J'ai écrit ce texte en 2003, alors qu'une autre poubelle flottante venait de se fracasser sur la côte bretonne ... Les relents, puanteurs, de l'Amoco Cadiz (17 mars 1978) étaient encore dans toutes les têtes. Commémoration ces jours-ci des 40 ans de cette catastrophe.
Opération « Sacs jaunes »
Depuis déjà (ou seulement ?) trois heures, ils se déplacent, mécaniquement, conditionnés par leurs emballages… Ils (ou elles ?) disparaissent dans leurs grands sacs-combinaisons, qui ont été blancs… Ces sortes de babygros, gros comme grotesques, bavent à présent de coulures brunes, ou beiges, ou noires, ou écrues, selon la teneur du poison.

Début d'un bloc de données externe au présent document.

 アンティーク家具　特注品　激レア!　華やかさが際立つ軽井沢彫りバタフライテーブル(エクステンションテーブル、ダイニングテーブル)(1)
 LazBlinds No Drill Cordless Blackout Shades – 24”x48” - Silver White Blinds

D’eux, on n’aperçoit de la dune que trois teintes, qui ne se confondront jamais avec celles de la mer toute proche : brun, blanc sale, et … jaune.
On leur a donné des sacs jaunes. Jaunes comme ceux des campings, là où on a placé de beaux bacs en bois, estampillés « Vacances Propres » !
Chacun de ces zombies est un volontaire désespéré, qui n’a même plus la force de hurler sa colère : ça, c’était bon il y a longtemps…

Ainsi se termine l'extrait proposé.